**Exercise:** Copy the records below line by line and word for word, from the very first line through the line with "Royal Park Gardens - Residential", omitting each picture.

Short web captions:
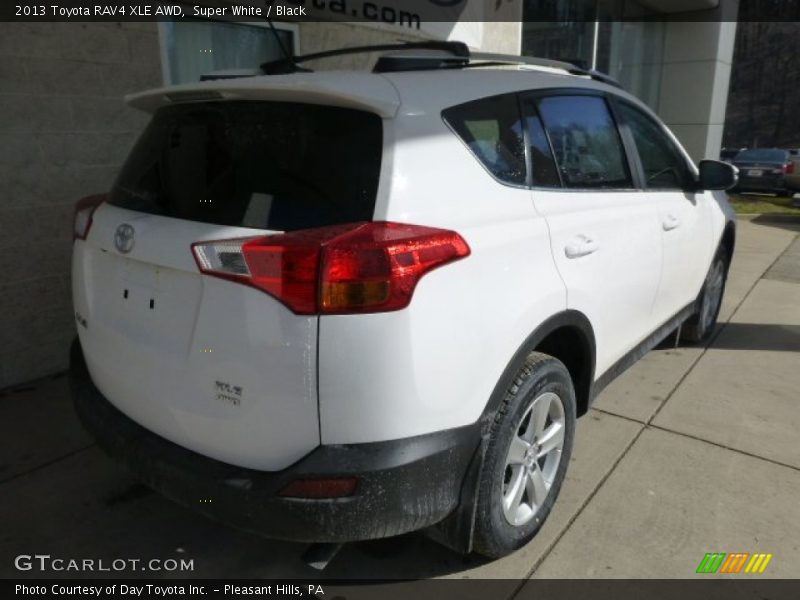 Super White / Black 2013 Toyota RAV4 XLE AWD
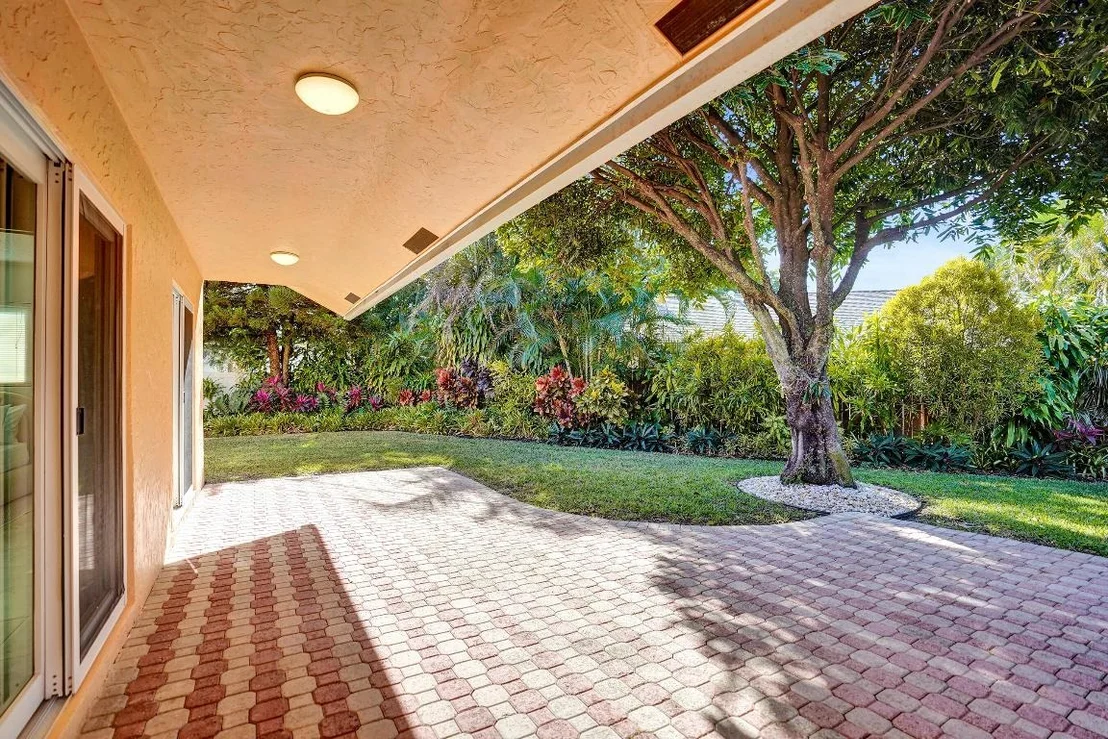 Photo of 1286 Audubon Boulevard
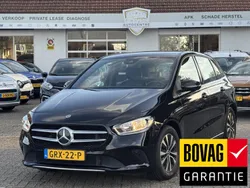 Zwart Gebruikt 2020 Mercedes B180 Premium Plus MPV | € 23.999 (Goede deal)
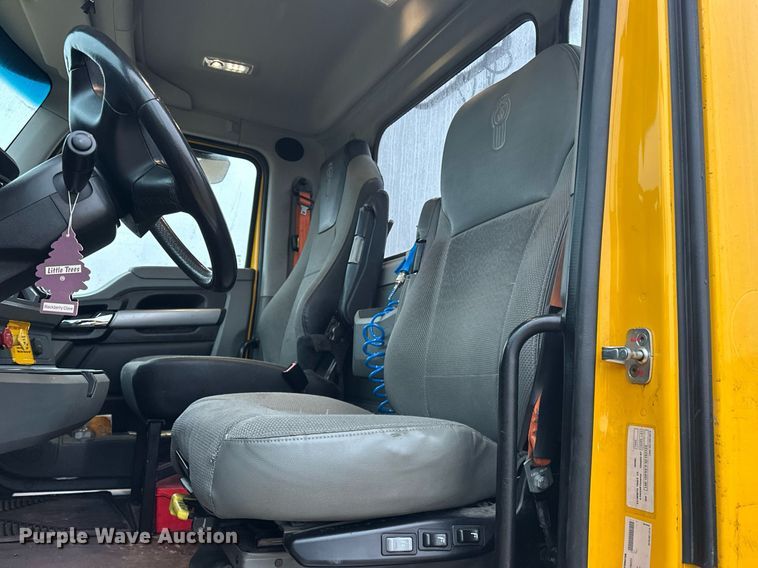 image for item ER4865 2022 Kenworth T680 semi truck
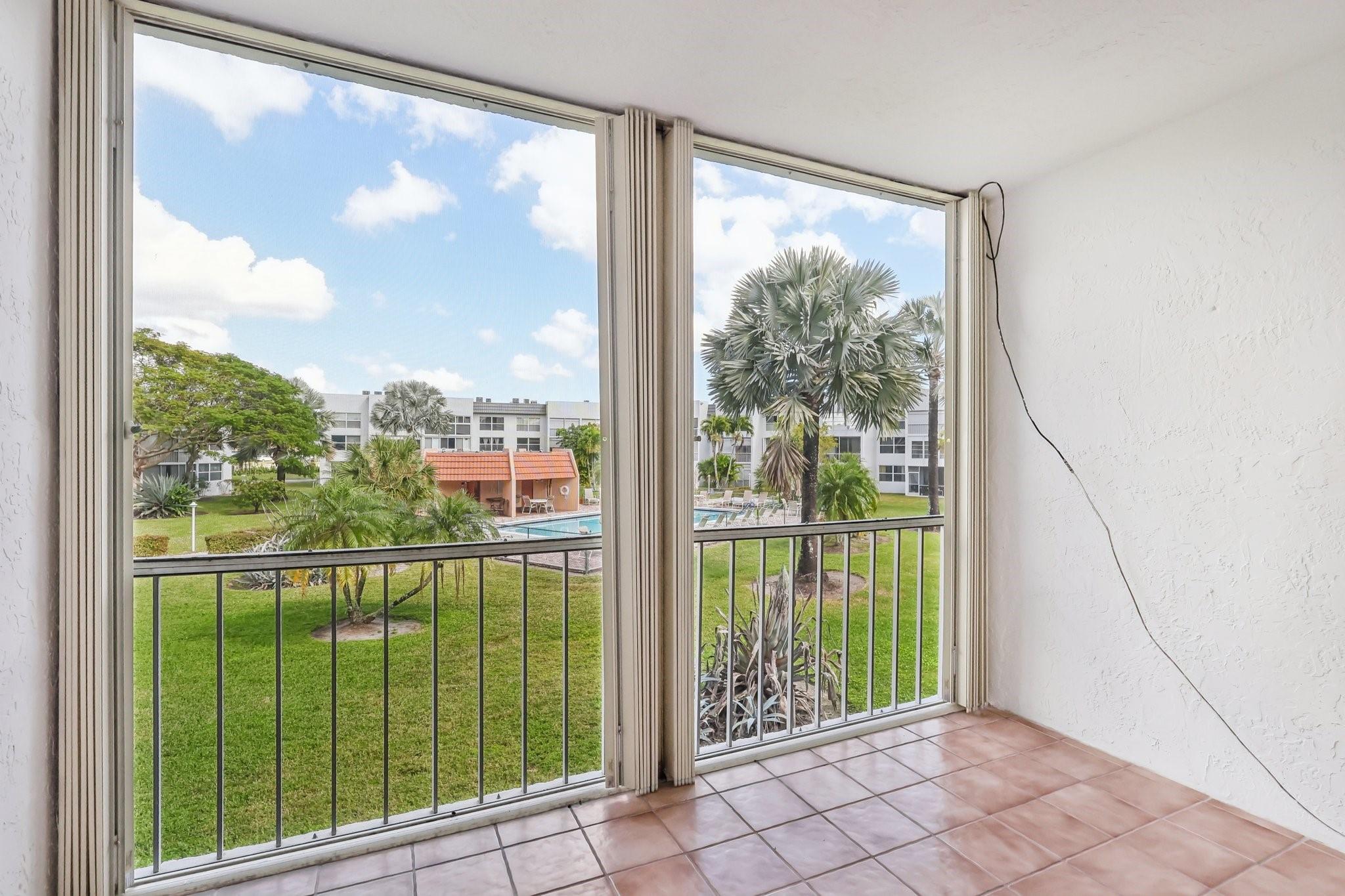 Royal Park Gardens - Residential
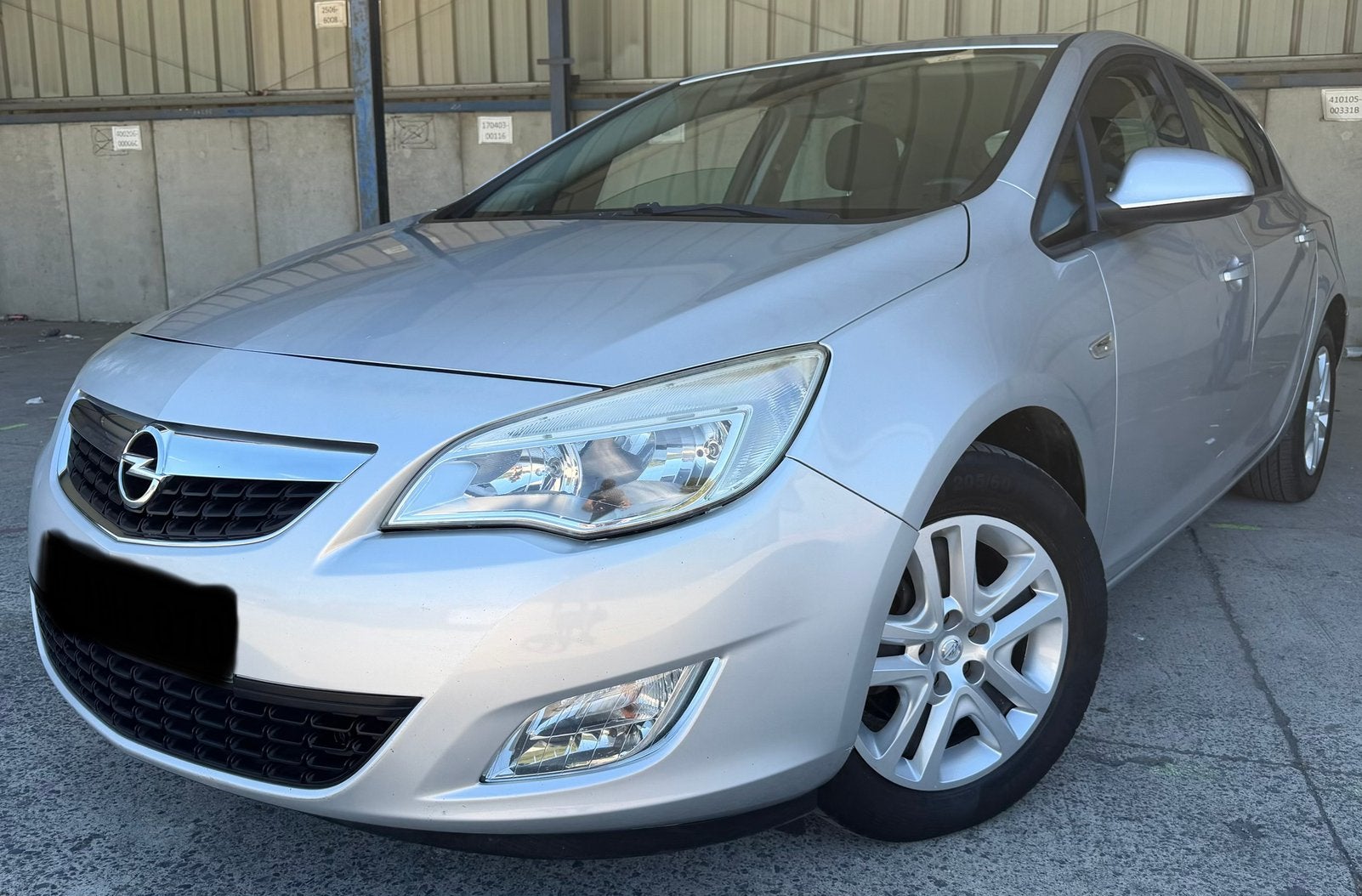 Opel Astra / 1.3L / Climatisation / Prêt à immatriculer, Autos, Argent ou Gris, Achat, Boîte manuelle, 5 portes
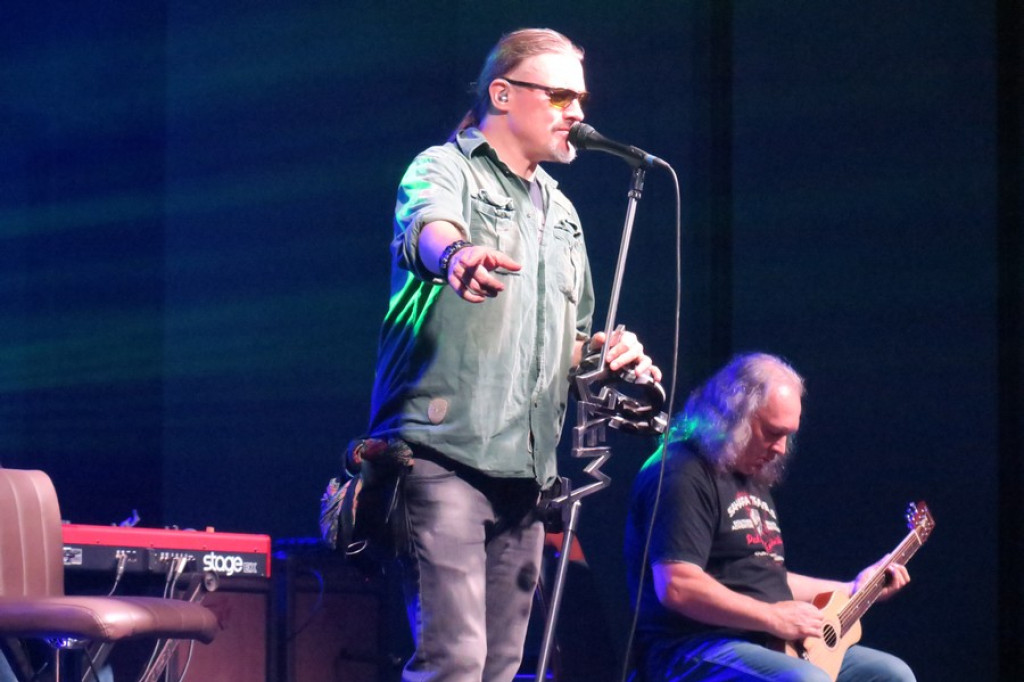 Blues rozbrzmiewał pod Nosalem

**Exercise result:**
 Super White / Black 2013 Toyota RAV4 XLE AWD
 Photo of 1286 Audubon Boulevard
 Zwart Gebruikt 2020 Mercedes B180 Premium Plus MPV | € 23.999 (Goede deal)
 image for item ER4865 2022 Kenworth T680 semi truck
 Royal Park Gardens - Residential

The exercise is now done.